Northern Legend Productions

Sunday, October 16, 2011

Firefight Released

Second complete production from Northern Legend Productions, this short action packed film follows the survival of two fellow men through Finnish nuclear winter woodland, as they try to survive from cannibals in a post-apocalyptic world. First one in the Cyberpunk-universe, the follow-up to this movie is in production right now, principal photography is almost completed and the project named Firefight 2 is soon to be entered to post-production state.

Short explanation of what's going on in terms of VFX:

-Irritating rolling shutter effect caused by large sensor of DSLR being incapable of capturing one frame at single point in time. Rolling shutter removal procedure was derived from example where rolling shutter was removed from Nikon camera footage.
-Tone-mapping applied to the image to greatly improve specious sharpness and pump out the details from the footage.
-Noise reduction applied to get cleaner tone-mapping results, and deblocking applied afterwards to clean out image structure-artifacts of the encoding process.
-Beautiful color-grading to improve desired moods on the film.
-Muzzle flashes and blood effects.
-Vignetting and letterboxing to improve the film-like visuals.
-Added grain to make a bit more organic feel to the movie, to unify the image-structure across a frame (grain makes it harder to detect blocking patterns caused by encoding and deblocking) and to add micro-level specious sharpness.

And with these words, here is the link to the movie. Enjoy!


Tuesday, June 28, 2011

Dim Light

Dim Light is the first publicly published film by Northern Legend Productions.

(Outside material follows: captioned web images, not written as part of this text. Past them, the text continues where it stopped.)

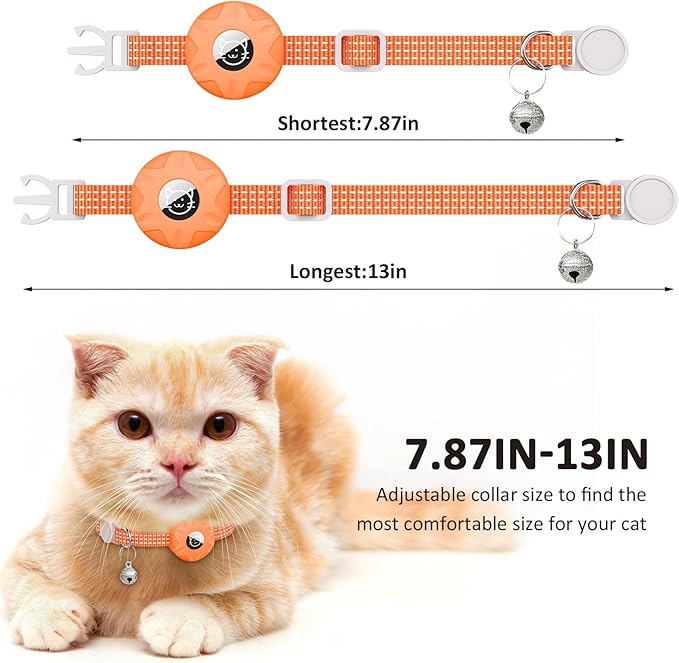 2 Pack Airtag Cat Collar,Reflective Kitten Collar Breakaway with Apple Air Tag Holder and Bell for Girl Boy Cats, Lightweight Adjustable for 7.87-13"" (Luminous Green&Orange)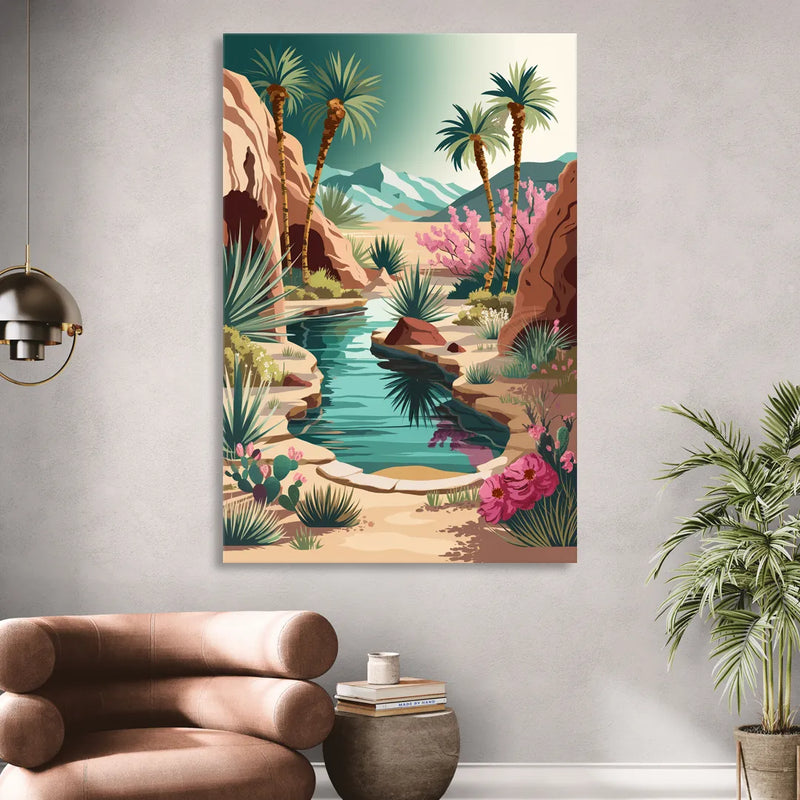 Palm Springs Desert Oasis Living Room - Canvas Wall Art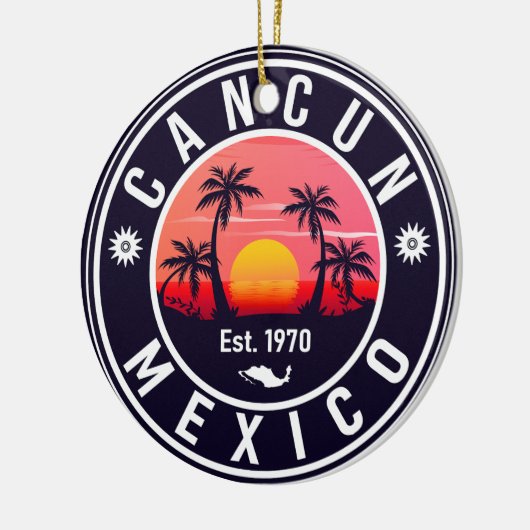 カンクンメキシコパームツリーヴィンテージトラベル土産 セラミックオーナメント (左)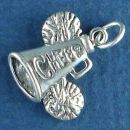 Cheerleader Megaphone and Pom Poms with Word Phrase Cheer 3D Sterling Silver Charm Pendant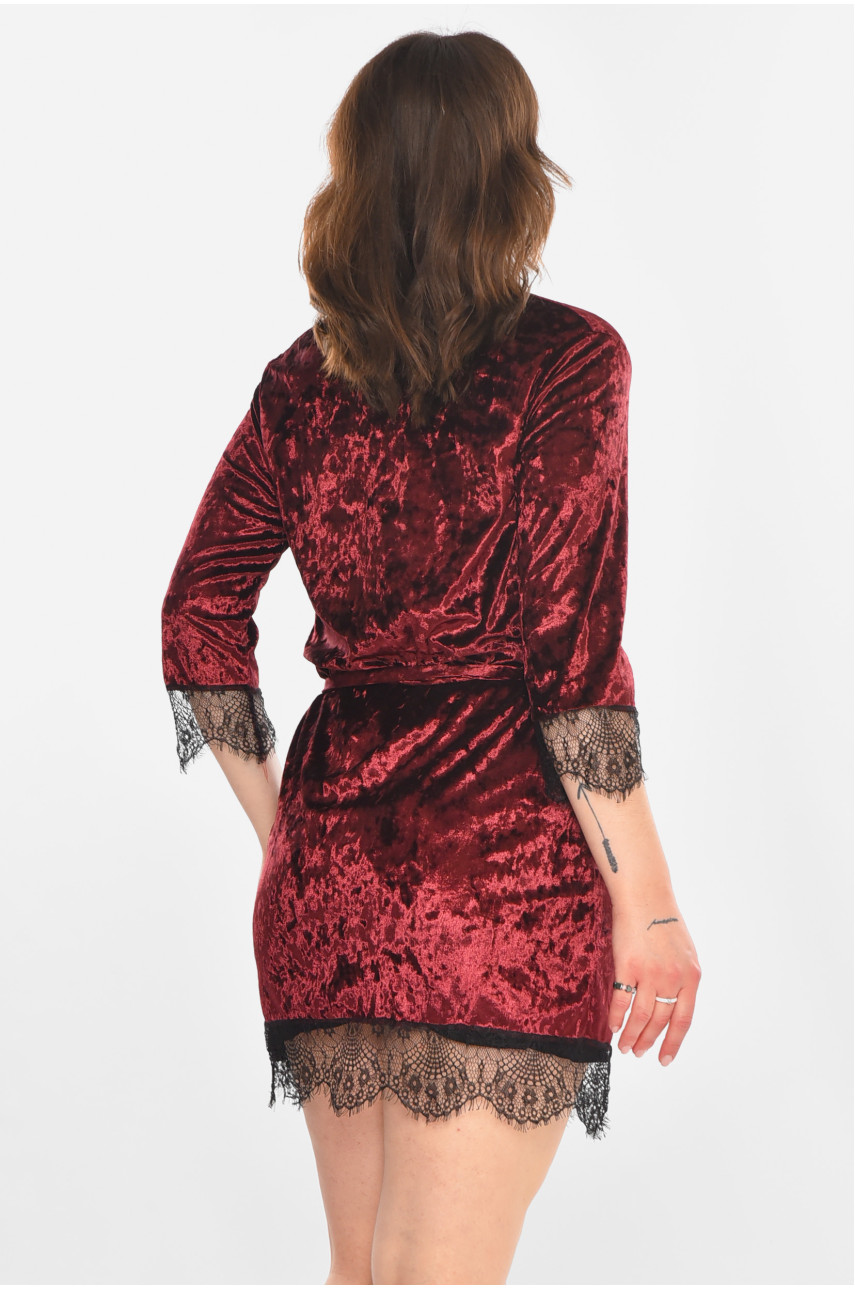 Халат женский велюровый бордового цвета М08 212261 Халат женский велюровый бордового цвета М08 212261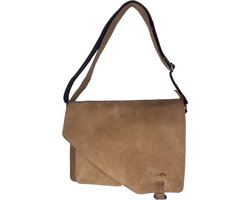 Crossbody Tas Dames - Taupe - Laptoptas Dames - Schoudertas - Aktetas - Laptop tot 15.6 inches - Tas - Leer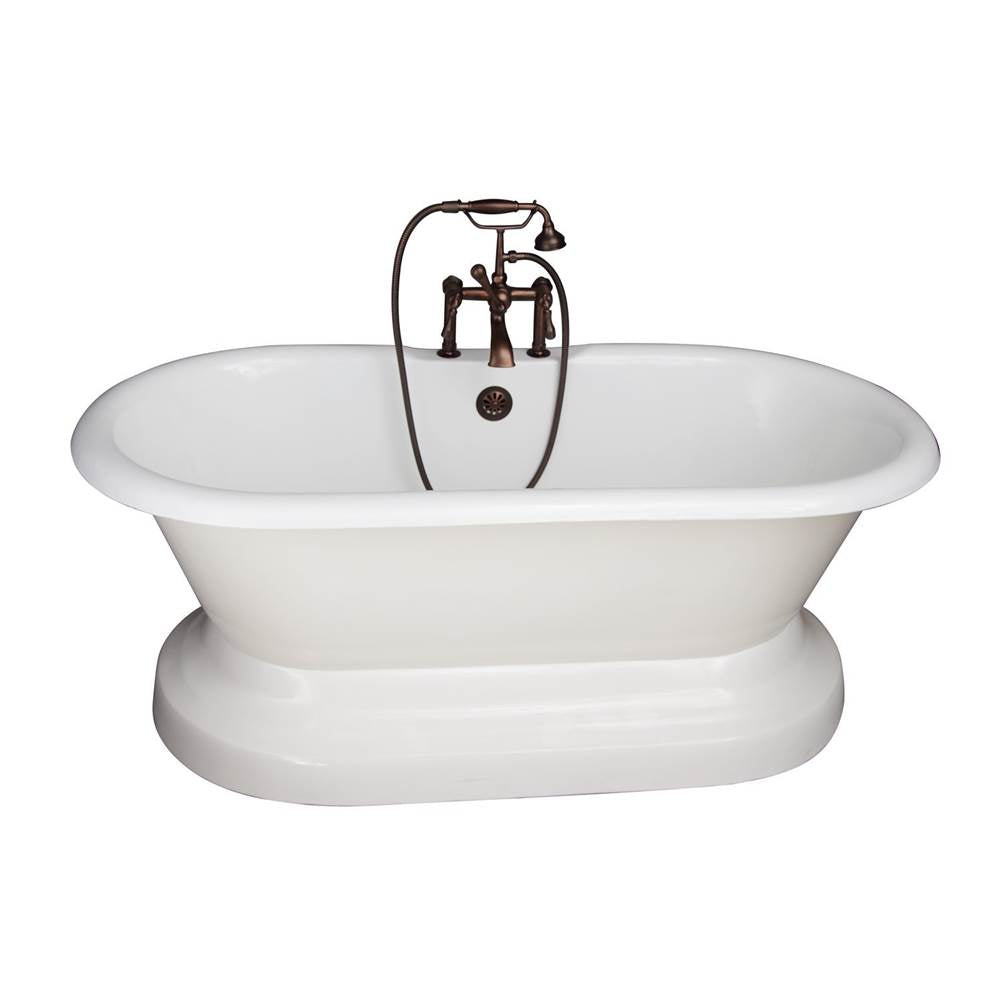 Barclay TKCTDRHB-ORB4 Tub Kit 67 Cast Iron Double Roll Top Base Filler Supplies Drain - Oil Rubbed Bronze
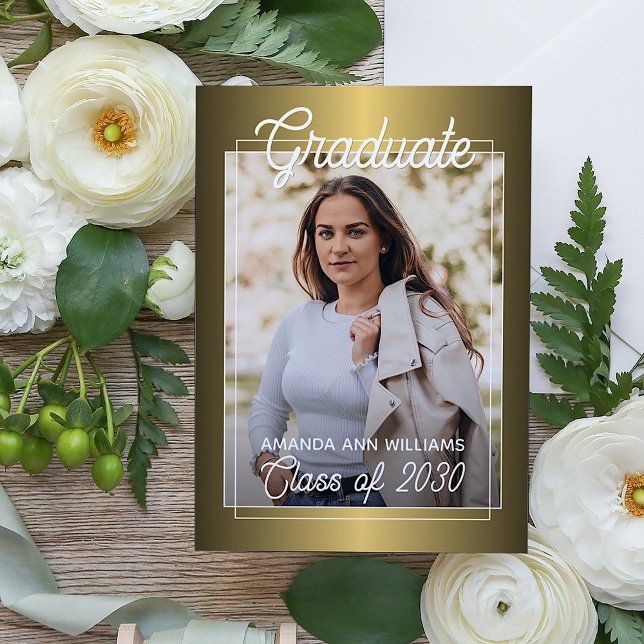 Glossy Gold Minimalist Graduation Announcement Postcard (Creator Uploaded)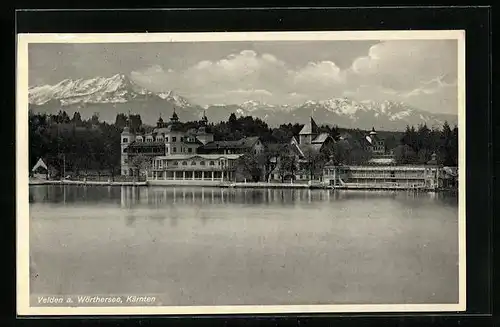 AK Velden a. Wörthersee, Blick über den See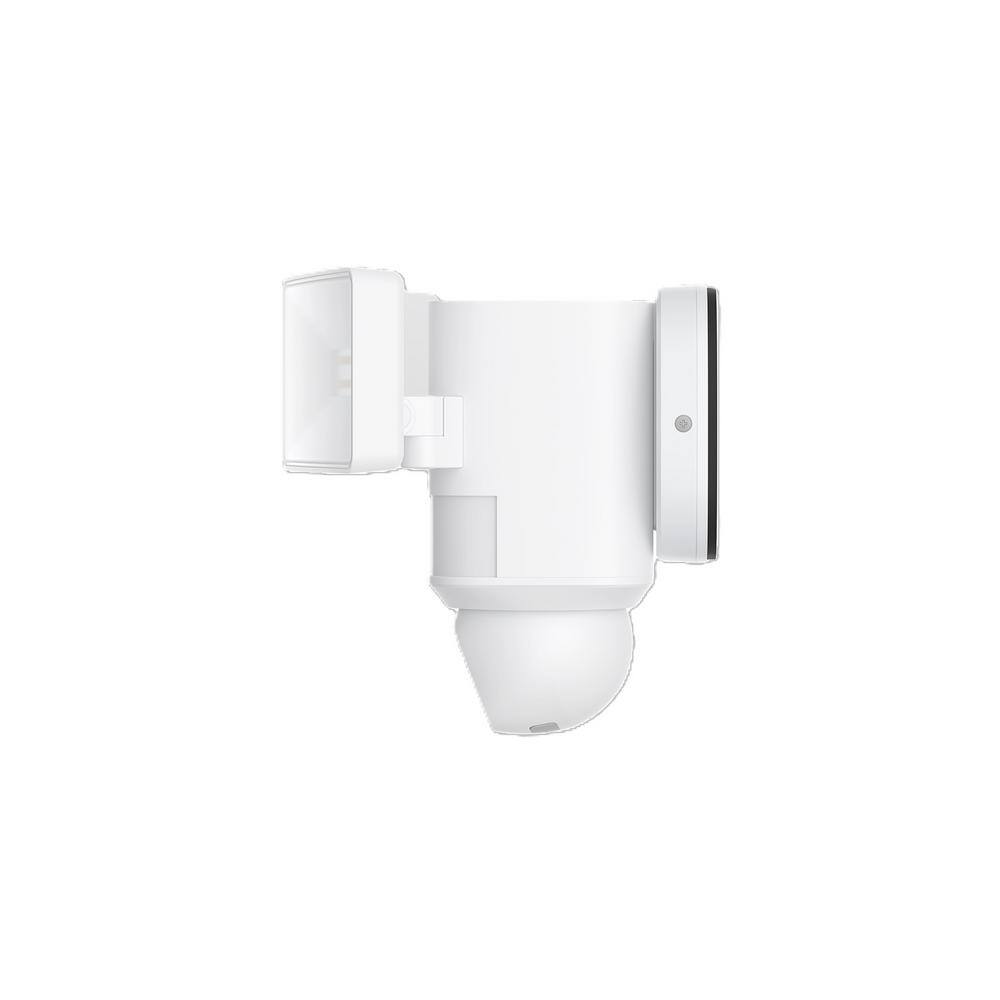 White Outdoor Wi-Fi Floodlight Security Camera with Pan and Tilt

Main goal of the film was to test out the low-light shooting capabilities of our filming gear. We used two cameras to shoot the film. Both were Canon EOS 550D's, another geared with Sigma f2.8 18-50mm EX DC Macro and the other one with Canon 70-300mm (can't exactly remember the exact model). The film was shot during last winter (winter of 2011), and the principal photography took 3 days. Pre-production phase included making the choreographs and training them to be fluid movements on camera. Post-production, cutting and editing took uncounted amount of days. Here below I will shortly described the used workflow for editing this film.

1. Noise reduction
2. Color grading and letterbox
3. Adding grain 

1. Since the footage was shot completely during dark conditions, image noise was taken granted for. The 70-300mm lens produced more noise to the image due to the smaller aperture. However footage from both lenses could be cleaned to an acceptable extent using advanced noise reduction techniques. However, noise reduction caused artifacts to the footage, severity depending on the lighting conditions of the certain shot. This can't really be avoided.

2. For color grading we went for classic desaturation and adding one overall dominant color, which was blueish tint to invoke feel of cold and creating unity throughout the shots.

3. Noise reduction always reduces details from the image also, and adding grain is a fine way to add subtle sub-image detail to the footage, and also create unity accross the image structure. Grain makes the image artifacts harder to notice, and adds to the film-like feel in general, because it replicates the actual movie film how it reacts to light.